JUDGMENT : Mukta Gupta, J. (Oral):-- Caveat 28/2015 Learned counsel appears on behalf of the caveator. Caveat is discharged. Cm 486/2015 Exemption allowed subject to just exceptions. Rc. Rev. 11/2015 1. The petitioner is aggrieved by the impugned order declining to grant leave to defend to the petitioner. The respondent/ eviction petitioner filed a petition under Section 14(1)(e) of the DRC Act stating therein that the husband and wife were the owners of property No. BE-93, Shalimar Bagh (West) Delhi a plot admeasuring 126 sq. mtr. purchased from the DDA vide registered perpetual Lease Deed dated 27th September, 1977. The demised premises consisting of one drawing room, two rooms, one lobby, one kitchen, one bathroom, one W.C., one balcony except one store and rear terrace on the first floor was let out to the respondent on 21st April, 1981 for a monthly rent of Rs. 750/-. The respondents are in possession of the ground floor and second floor of the said property which second floor they got constructed in the year 1986-87. The requirement of the respondents who are an elderly couple is that they have two sons who are both living in USA however the two sons along with their wives and children often visit Delhi in the summer and winter breaks and due to paucity of accommodation they are unable to stay for long period in Delhi with their parents. Thus, besides four bedrooms in possession of the respondents the two bedrooms on the first floor which are in possession of the petitioner are also required. The respondents have placed on record the photocopies of the passports of their sons, daughters-in-law and their grand-children which showed that they have been visiting India. 2. I find no merit in the contention of learned counsel for the petitioner that the two sons do not come together and the learned Trial Court ought to have looked into this aspect of the matter. No restrictions can be placed on the programme of the two sons of the respondent and as to when they could visit their parents. It is generally in vacations that children from abroad visit their parents and thus the possibility that the two sons with their families visit their parents at the same time cannot be ruled out.

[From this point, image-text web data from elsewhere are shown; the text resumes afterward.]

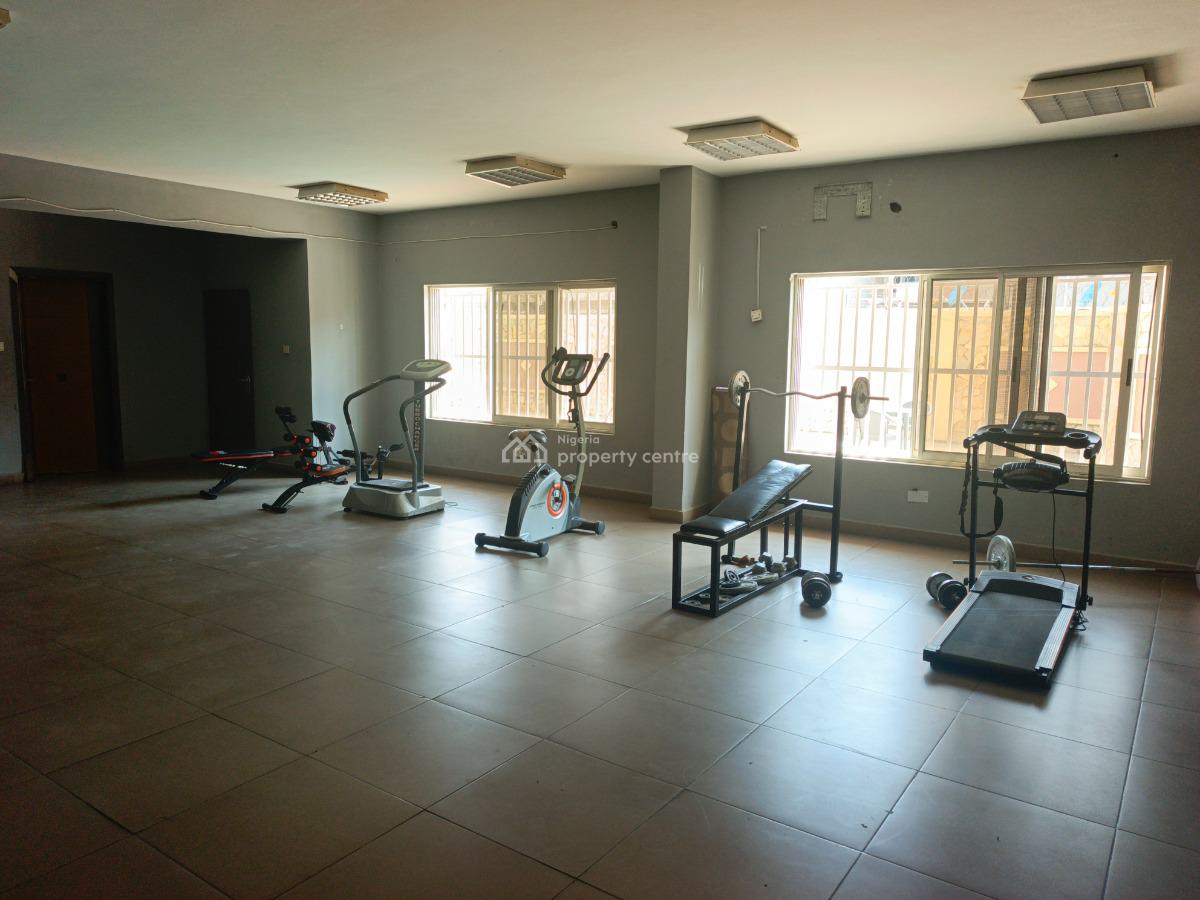 a Specious 3 Bedroom Apartment, Oniru, Victoria Island (vi), Lagos, Flat / Apartment for Rent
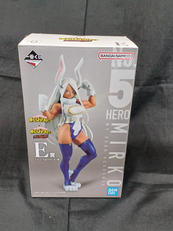 一番くじ 僕のヒーローアカデミア THE TOP 5|BANDAI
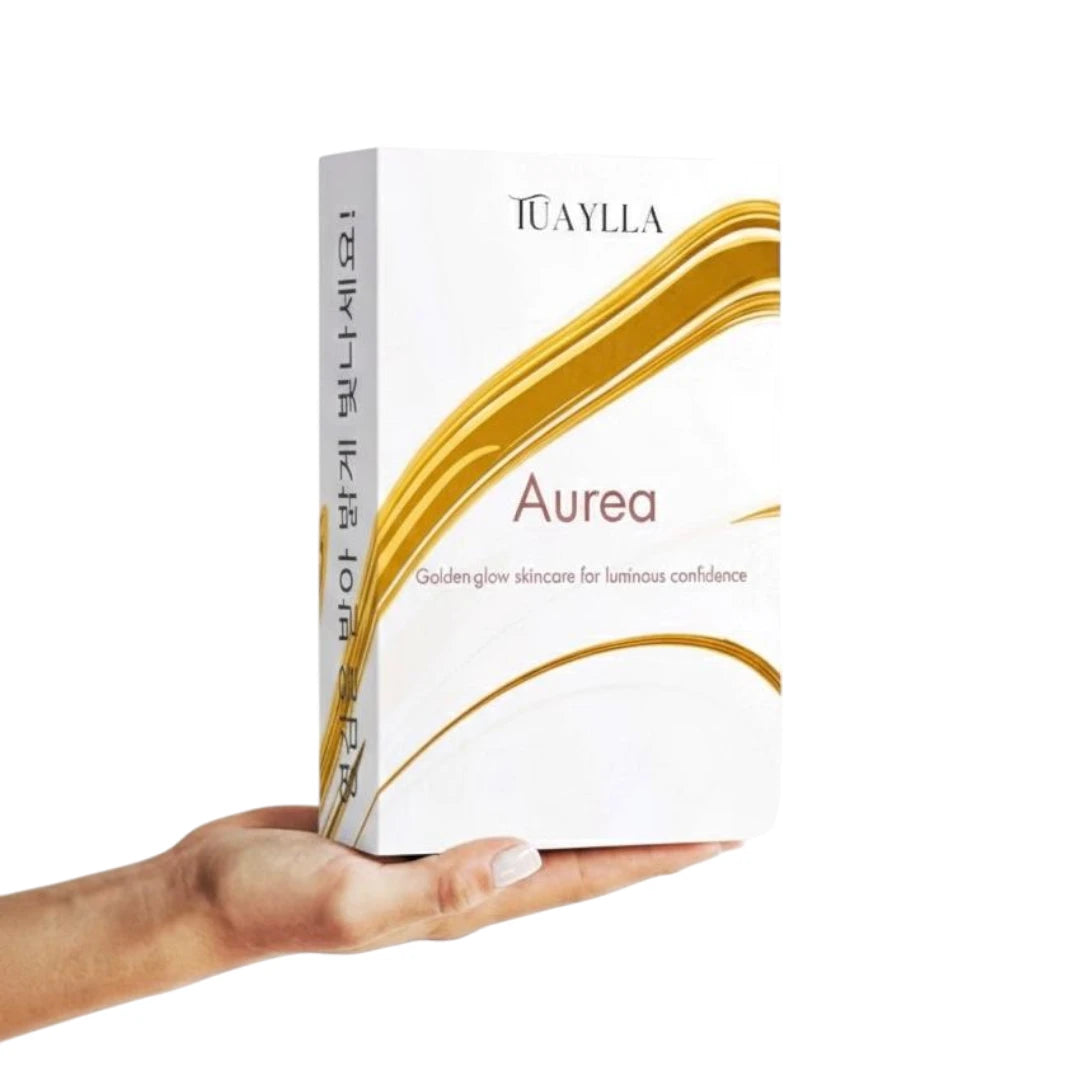 aurea_skincare_line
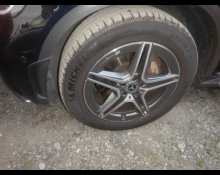 Mercedes Benz GLC-class 2022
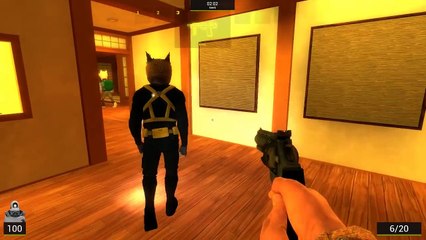 Gmod Guess Who Funny Moments - Becoming a Samurai Master! (Garry's Mod)-r73DX-RNVLs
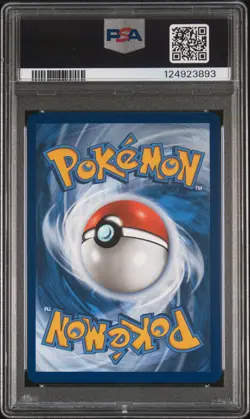 2025 POKEMON BLK EN-BLACK BOLT SPECIAL ILLUSTRATION RARE #167 MELOETTA EX PSA 10 - Image 2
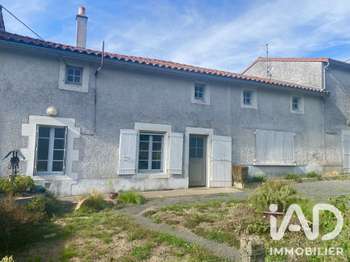 Vente maison 5 pièces Cirières 79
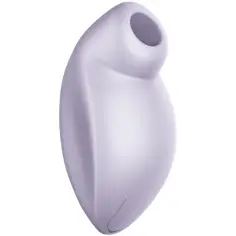 FUN FACTORY - GAIA VIBRADOR AIR PULSE VIOLETA 2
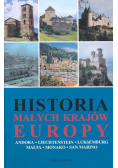 Historia małych krajów Europy
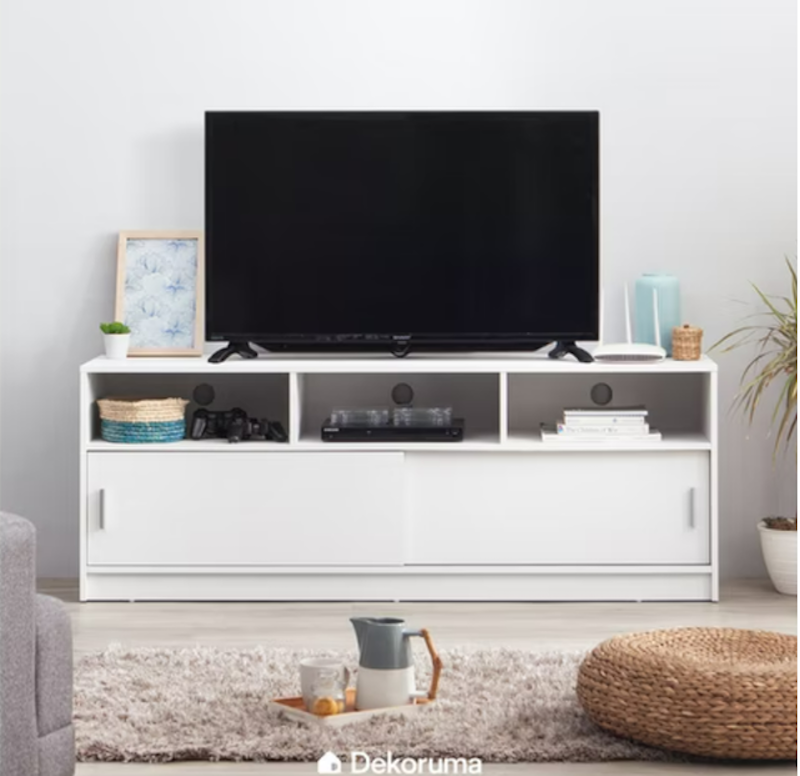 Heim Studio Moku Meja TV 1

No restrictions can be placed on the programme of the two sons of the respondent and as to when they could visit their parents. It is generally in vacations that children from abroad visit their parents and thus the possibility that the two sons with their families visit their parents at the same time cannot be ruled out. On the contention that the respondent No. 1 is suffering from lumber spondilitis learned counsel for the petitioner contends that the respondents who are suffering from age-old problems would not be able to use the Pooja room on the second floor thus the same is a frivolous requirement. The respondents being old, the availability of an accommodation at the first floor would relatively be more suitable to them. 3. From the evidence on record placed by the respondent it is clear that the respondents need rooms for their two sons, their daughters-in-law and grand-children who visit them in the vacations and the suitability of an accommodation has to be seen taking in account convenience of landlord, his family members their profession, vocation, living style, habits, backgrounds etc. 4. In S.P. kapoor v. kamal mahavir prasad murarka, 2002 (97) DLT 997 it was held: “If a landlord of status is settled outside Delhi who has to frequently visit Delhi on account of his political and business requirements, he can evict the tenant under this clause even though his need for staying in his own premises may be temporary. It cannot be expected that he should stay only in a Hotel when he has his own residential premises in Delhi.” 5. A Full Bench of Delhi High Court in Mohan Lal v. Ram Chopra & Anr. 1982 (2) RCJ 161 exhaustively considered the provisions of Section 25B of the Act and held: “In our opinion the jurisdiction of the High Court under proviso to Section 25B(8) has to be interpreted, keeping in view the legislative intent. The revision under Section 25B(8) cannot be regarded as a first appeal and nor can it be restricted as the revisional jurisdiction under Section 115 CPC. The High Court would have jurisdiction to interfere if it is of the opinion that there has been a gross illegality or material irregularity which has been committed or the Controller has acted in excess of his jurisdiction or has not exercised the jurisdiction vested in him.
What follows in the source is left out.